A new study suggests that talking on a hand-held device while driving does not increase the risk of driver distraction compared with using a hands free device.
Published in the journal Accident Analysis Prevention the study involved a meta-analysis of driving studies over the past decade to assess the “safety-critical event risk” associated with various mobile phone behaviors like talking, dialing, texting and browsing.
The results showed that tasks which required drivers to take their eyes off the road such as dialing a phone or texting – or even looking for your phone – increased the safety-critical event risk but the act of talking on a handheld device in and of itself did not increase this risk.
This news comes at a time when provincial legislatures across Canada are ramping up their efforts to curb the use of handheld devices in cars. Over the past year, the provinces of Manitoba, Ontario, Quebec and Nova Scotia all put forth new rules for distracted driving. And as of January 1, 2016, Albertan drivers will be hit with a $287 fine for distracted driving. (Which is still child’s play in comparison to PEI where the maximum fine can hit a whopping $1200.)
According to CTV News, between September 2011 and March 2015 there were 87,633 convictions for distracted driving in the province of Alberta, 97% of which concerned the use of hand-held devices.
And in BC, where the fine currently sits at $167, there are plans to up the ante as well. Attorney General Suzanne Anton has said in a statement, “We know our penalties are too low – and our government is going to fix this.”
But a report from the World Health Organization calls into question the effectiveness of levying fines as a way to decrease accidents due to distracted driving. The report states that on a global scale, banning the use of hands-free devices in cars has become much more common and measures to enforce legislation have been intensified, particularly in Europe where distracted driving in places like Ireland can even result in a jail sentence.
Nevertheless, the report is also critical of jurisdictions that focus on the single-minded approach of fines to achieve a positive result. “The data suggests that in many countries, legislative effects have not been very successful in sustaining reduced mobile phone use rates.” Rather, the WHO warns that laws are “not sufficient by themselves” to produce the desired impact on driver distraction and behavior.
Instead, the report appeals to other tactics to supplement legislation, such as public awareness campaigns and technology-driven solutions like smart keys for young drivers that have the ability to control speed limits, stereo volume and so on.

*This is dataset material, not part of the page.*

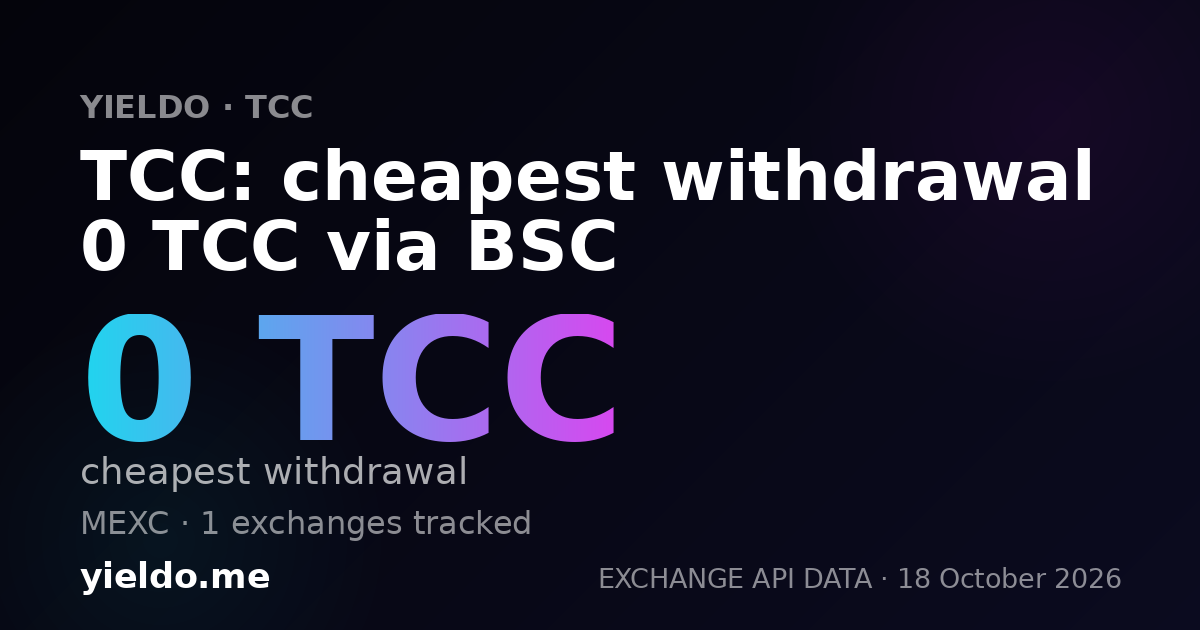 TCC: cheapest withdrawal 0 TCC via BSC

To that point, young entrepreneur T.J. Evarts has been marketing his SMARTWheel device, which keeps tabs on whether or not both of a young driver’s hands are firmly placed on the steering wheel and can send the information back to anxious parents waiting at home. Evarts’ product won financial backing on the television show Shark Tank and has been given the thumbs up by President Obama at a recent visit to the White House.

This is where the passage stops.